No telefone com a prima:
- Oi, Vera. Não falei com ela não. Falei ontem e ela tava meio zuada, tomou uns remédios e foi dormir.
- Como assim zuada? Tava com o que? Por que ninguém fala comigo? Isso é um complô?
- Você tá muito estressada, essa quarentena tá te deixando meio desequilibrada. De repente ela dormiu demais, deixa ela. É sábado. Tá com pressa de que?
- Cala a boca você também. Desde que eu me mudei de cidade vocês estão aí nesse complozinho que eu sei. Fazendo mil coisas na minha ausência. Só a pandemia mesmo pra impedir vocês de conspirarem.
...
- Vaca.
- Quem, Vera?
- A vaca da minha prima.
- Isso porque é sua prima favorita.
- Quem disse?
- Você. Toda hora.
- Cala a boca, João.
- Ótimo. Vou calar a boca lá onde eu tava antes de você começar esse chilique.
- Não, fica aqui. Eu to nervosa. E se tiver acontecido alguma coisa com ela? Ela tá sozinha em casa. Se tiver acontecido alguma coisa ela tá lá sem ninguém pra ajudar. Como que vai pedir ajuda? Aqueles vizinhos dela não vão adivinhar que tem algo de errado até, Deus me livre, começar a dar cheiro no apartamento.
- Agora tua mãe morreu?
- Credo, bate nessa boca.
- Mas foi você que disse, Vera.
- Eu disse que tava com medo E SE TIVESSE ACONTECIDO ALGUMA COISA. Você falou em morrer.

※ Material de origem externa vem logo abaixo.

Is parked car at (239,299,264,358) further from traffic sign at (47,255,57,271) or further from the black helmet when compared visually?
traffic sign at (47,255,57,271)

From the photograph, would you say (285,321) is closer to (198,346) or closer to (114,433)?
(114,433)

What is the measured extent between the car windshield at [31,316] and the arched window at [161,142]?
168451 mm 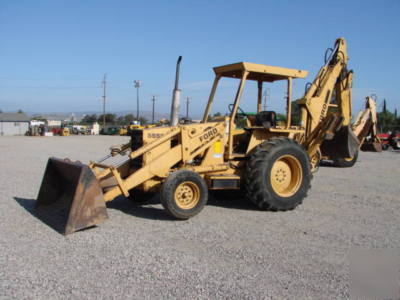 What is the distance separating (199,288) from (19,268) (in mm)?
1998

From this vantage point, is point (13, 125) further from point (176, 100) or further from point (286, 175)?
point (286, 175)

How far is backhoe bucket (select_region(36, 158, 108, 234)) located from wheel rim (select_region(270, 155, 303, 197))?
3.18m

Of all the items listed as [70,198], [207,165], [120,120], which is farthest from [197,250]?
[120,120]

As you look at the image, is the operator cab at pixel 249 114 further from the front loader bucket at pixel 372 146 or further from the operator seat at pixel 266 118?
the front loader bucket at pixel 372 146

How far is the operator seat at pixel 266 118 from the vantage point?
7.60 meters

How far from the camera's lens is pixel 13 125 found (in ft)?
210

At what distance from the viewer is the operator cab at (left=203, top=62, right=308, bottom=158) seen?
7.02 m

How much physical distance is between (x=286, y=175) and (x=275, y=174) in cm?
29

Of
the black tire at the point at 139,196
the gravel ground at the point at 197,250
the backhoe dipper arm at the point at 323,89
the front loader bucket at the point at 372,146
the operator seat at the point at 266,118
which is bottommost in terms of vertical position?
the gravel ground at the point at 197,250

- Tá bom. Fui eu que falei. Desculpa. Seu irmão tá te respondendo, olha.
- Cadê? "Só falei com ela ontem, tomou um remédio e foi dormir". Porra, até ele sabia que ela tava passando mal e eu aqui. No escuro.
- Vou fazer um chá pra você, pra ver se te acalma.
- Eu não tô nervosa.
- VOCÊ ACABOU DE DIZER…
- Shhhhhh!! Shhhhhh!! É ela! É ela! Vem cá, senta aqui.
- Meu deus do céu.
- Senta, senta. Oooooi mãe!
- Oi, Filha. Me ligou?
- Liguei umas 15 vezes só. Dá oi pra sua sogra, João.
- Oi, sogra.
- Oi, João.
- Posso ir lá pra dentro?
- Vai, pode ir. Ô, mãe! Tentei falar com você umas 15 vezes hoje. Você tava dormindo?
- Não.
- Você passou mal?
- Passei, acho que comi um troço velho que tava na geladeira. O cheiro tava bom, comi. Mas acho que tava ruim. Deve ter sido isso.
- Você comeu chocolate velho de novo?
- Chocolate não estraga, Vera.
- Eu não vou ter essa conversa de novo.
- Ótimo, porque você sabe que eu estou certa. E eu não vou jogar fora os meus chocolates.
- Porque todo mundo sabia que você tava doente e eu não?
- Eu não estava doente, eu me senti mal. Eu vou te ligar pra dizer que estou me sentindo mal?
- Por que não?
- E você vai fazer o que?
- Ficar preocupada.
- Então pronto, por isso não te avisei.
- Mãe?!
- Vera?!
- E por que não me atendeu agora?
- Tava no banheiro. Deixei o telefone no quarto. Tava lendo um livro. Acho que a comida estragada ainda tá fazendo efeito. Deu pra ler uns 4 capítulos.
- Ah, obrigada por compartilhar.
- Ué. Você queria que eu te ligasse pra avisar que estava passando mal. Agora tá cheia de coisa porque eu falei de cocô? Decida-se.
- Você é muito esquisita.
- Puxei a você.
- VOCÊ é minha mãe!
- Seu ponto é?
- Nada. Vou tomar café.
- Vou aproveitar para responder a todas as mensagens das pessoas aqui preocupadas. Quantas pessoas você importunou porque eu não atendi o telefone, Vera?
- Umas 3. Meu irmão, minha tia, minha prima, aquela vaca.
- Só isso?
- Talvez os seus vizinhos.
- Puta que pariu, Vera.
- Cala a boca. Da próxima vez atende a merda do telefone. Te amo.